## Task objective
Provide the data again exactly, including every line that follows.

## Extracted information
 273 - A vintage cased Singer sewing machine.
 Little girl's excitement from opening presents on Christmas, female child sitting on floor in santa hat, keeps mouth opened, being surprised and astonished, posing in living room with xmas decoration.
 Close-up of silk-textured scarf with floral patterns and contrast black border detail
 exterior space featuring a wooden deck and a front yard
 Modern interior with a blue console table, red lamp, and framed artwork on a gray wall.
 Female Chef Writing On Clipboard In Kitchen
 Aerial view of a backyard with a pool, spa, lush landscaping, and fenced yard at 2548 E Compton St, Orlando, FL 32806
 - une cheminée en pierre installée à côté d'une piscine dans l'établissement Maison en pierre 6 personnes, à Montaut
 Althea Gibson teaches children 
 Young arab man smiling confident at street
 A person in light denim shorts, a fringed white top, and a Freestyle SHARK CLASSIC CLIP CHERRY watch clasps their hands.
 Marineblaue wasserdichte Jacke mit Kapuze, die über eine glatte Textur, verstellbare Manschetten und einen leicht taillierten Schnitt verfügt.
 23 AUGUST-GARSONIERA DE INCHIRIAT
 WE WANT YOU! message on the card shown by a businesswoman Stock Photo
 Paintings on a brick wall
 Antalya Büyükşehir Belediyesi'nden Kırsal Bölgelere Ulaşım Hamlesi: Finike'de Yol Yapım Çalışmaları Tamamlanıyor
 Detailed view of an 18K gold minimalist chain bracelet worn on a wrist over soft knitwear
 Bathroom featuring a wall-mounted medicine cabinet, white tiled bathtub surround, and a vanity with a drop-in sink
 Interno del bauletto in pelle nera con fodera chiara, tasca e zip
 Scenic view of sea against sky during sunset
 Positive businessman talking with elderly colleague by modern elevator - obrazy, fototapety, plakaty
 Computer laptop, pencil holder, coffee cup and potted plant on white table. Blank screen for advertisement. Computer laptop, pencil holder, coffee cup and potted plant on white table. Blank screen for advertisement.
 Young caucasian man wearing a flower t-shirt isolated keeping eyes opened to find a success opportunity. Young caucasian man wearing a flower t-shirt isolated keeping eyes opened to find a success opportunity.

## Answer below
 273 - A vintage cased Singer sewing machine.
 Little girl's excitement from opening presents on Christmas, female child sitting on floor in santa hat, keeps mouth opened, being surprised and astonished, posing in living room with xmas decoration.
 Close-up of silk-textured scarf with floral patterns and contrast black border detail
 exterior space featuring a wooden deck and a front yard
 Modern interior with a blue console table, red lamp, and framed artwork on a gray wall.
 Female Chef Writing On Clipboard In Kitchen
 Aerial view of a backyard with a pool, spa, lush landscaping, and fenced yard at 2548 E Compton St, Orlando, FL 32806
 - une cheminée en pierre installée à côté d'une piscine dans l'établissement Maison en pierre 6 personnes, à Montaut
 Althea Gibson teaches children 
 Young arab man smiling confident at street
 A person in light denim shorts, a fringed white top, and a Freestyle SHARK CLASSIC CLIP CHERRY watch clasps their hands.
 Marineblaue wasserdichte Jacke mit Kapuze, die über eine glatte Textur, verstellbare Manschetten und einen leicht taillierten Schnitt verfügt.
 23 AUGUST-GARSONIERA DE INCHIRIAT
 WE WANT YOU! message on the card shown by a businesswoman Stock Photo
 Paintings on a brick wall
 Antalya Büyükşehir Belediyesi'nden Kırsal Bölgelere Ulaşım Hamlesi: Finike'de Yol Yapım Çalışmaları Tamamlanıyor
 Detailed view of an 18K gold minimalist chain bracelet worn on a wrist over soft knitwear
 Bathroom featuring a wall-mounted medicine cabinet, white tiled bathtub surround, and a vanity with a drop-in sink
 Interno del bauletto in pelle nera con fodera chiara, tasca e zip
 Scenic view of sea against sky during sunset
 Positive businessman talking with elderly colleague by modern elevator - obrazy, fototapety, plakaty
 Computer laptop, pencil holder, coffee cup and potted plant on white table. Blank screen for advertisement. Computer laptop, pencil holder, coffee cup and potted plant on white table. Blank screen for advertisement.
 Young caucasian man wearing a flower t-shirt isolated keeping eyes opened to find a success opportunity. Young caucasian man wearing a flower t-shirt isolated keeping eyes opened to find a success opportunity.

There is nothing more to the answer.